Software for top-down proteomic identification of a plasmid-borne factor (and other proteins) from genomically sequenced pathogenic bacteria using MALDI-TOF-TOF-MS/MS and post-source decay

Abstract

A plasmid-borne factor (hypothetical protein) was identified in three Shiga toxin-producing Escherichia coli O113:H21 strains using antibiotic-induction, MALDI-TOF-TOF tandem mass spectrometry (MS/MS), post-source decay (PSD) and top-down proteomic analysis. The plasmid-encoded factor was identified from three pairs of complementary fragment ions (b/y) which were also used to obtain a more accurate calculation of the mass of the protein than that possible from MS analysis.
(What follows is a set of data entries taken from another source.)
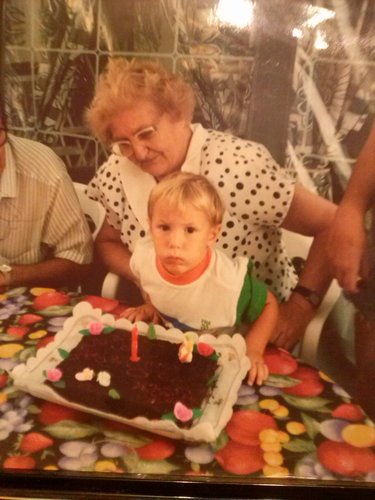 alex91flores's profile picture. amante del futbol, del CD Castellon y el Real Madrid.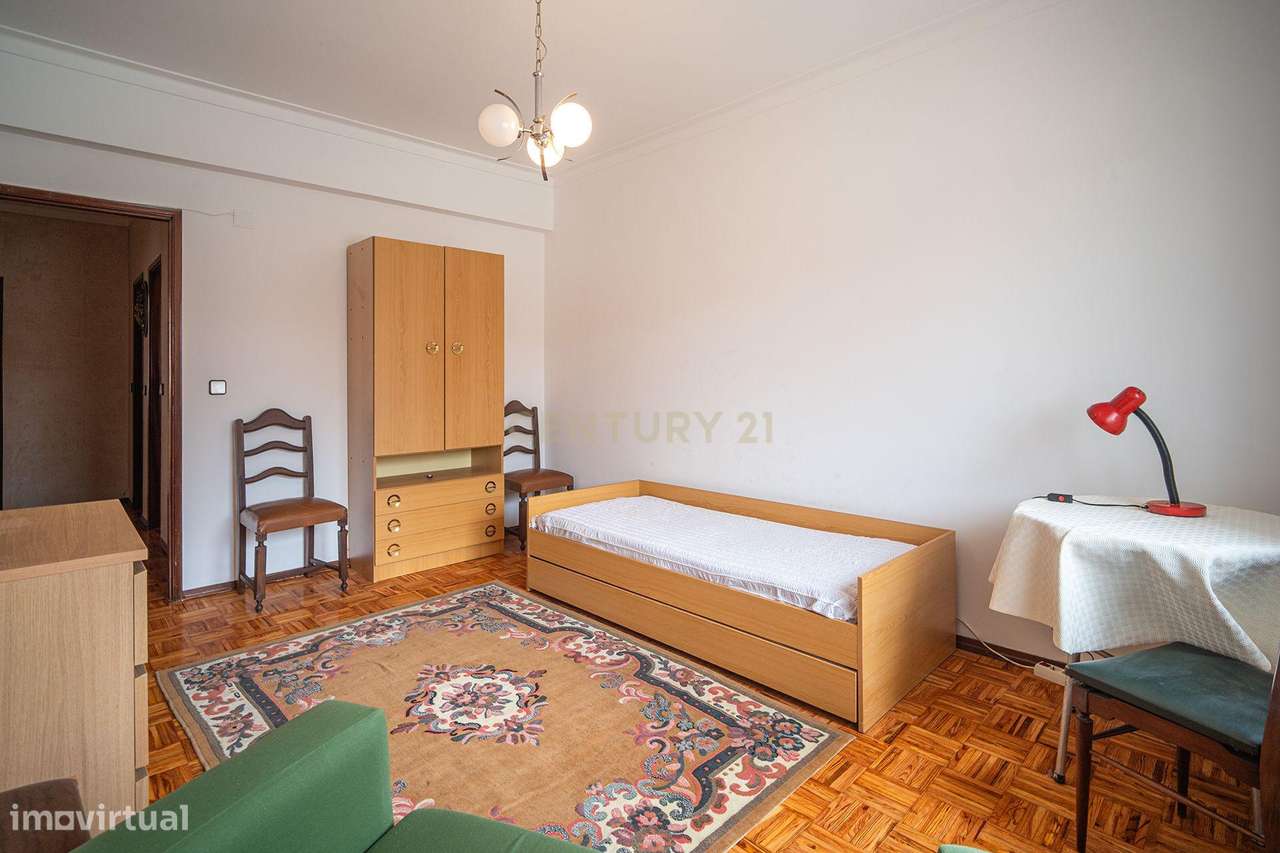 Apartamento T3 com Vista Cidade em Alverca Do Ribatejo .-19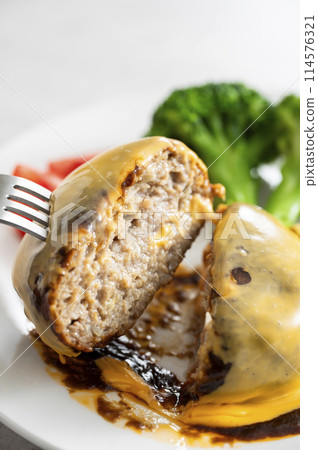 漢堡牛排配上乳酪 114576321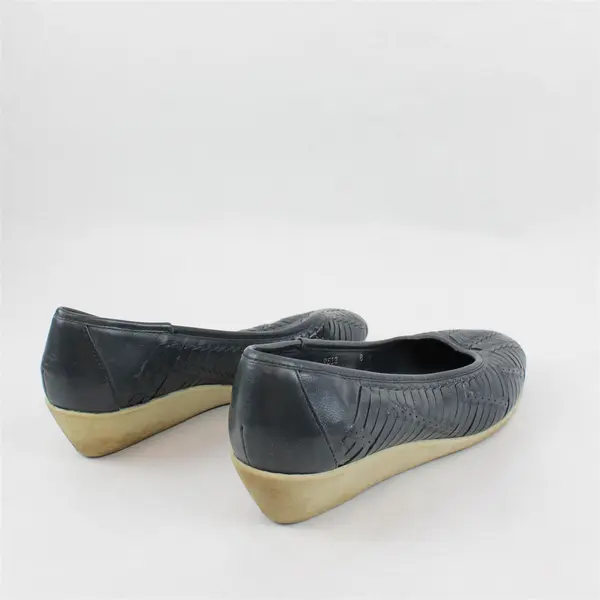 G.H. Bass & Co. Blue Kidskin Leather Almond Toe Wedge Heels Women's U.S. Size 8M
A software application tool was developed to rapidly search amino acid sequences from whole genome sequencing-derived data to match the observed protein mass and fragment ions on the assumption that the fragment ions are the result of polypeptide backbone cleavage on the C-terminal side of aspartic acid and glutamic acid residues, i.e. aspartic acid effect. Manual inspection and top-down proteomic analysis confirmed the correctness of the identification of this protein using this new application tool. Although the function of the plasmid-borne factor is not known, its antibiotic-induced expression may suggest a role in antimicrobial stress. This approach was also used to identify three highly conserved bacterial cold-shock proteins: CspC, CspE, CsbD from one of the STEC strains. In addition to polypeptide backbone cleavage, metastable CsbD showed multiple small dissociative losses perhaps suggesting ammonia loss from the four arginine residues in its sequence. This phenomenon had been previously observed for metastable ubiquitin which also has four arginine residues.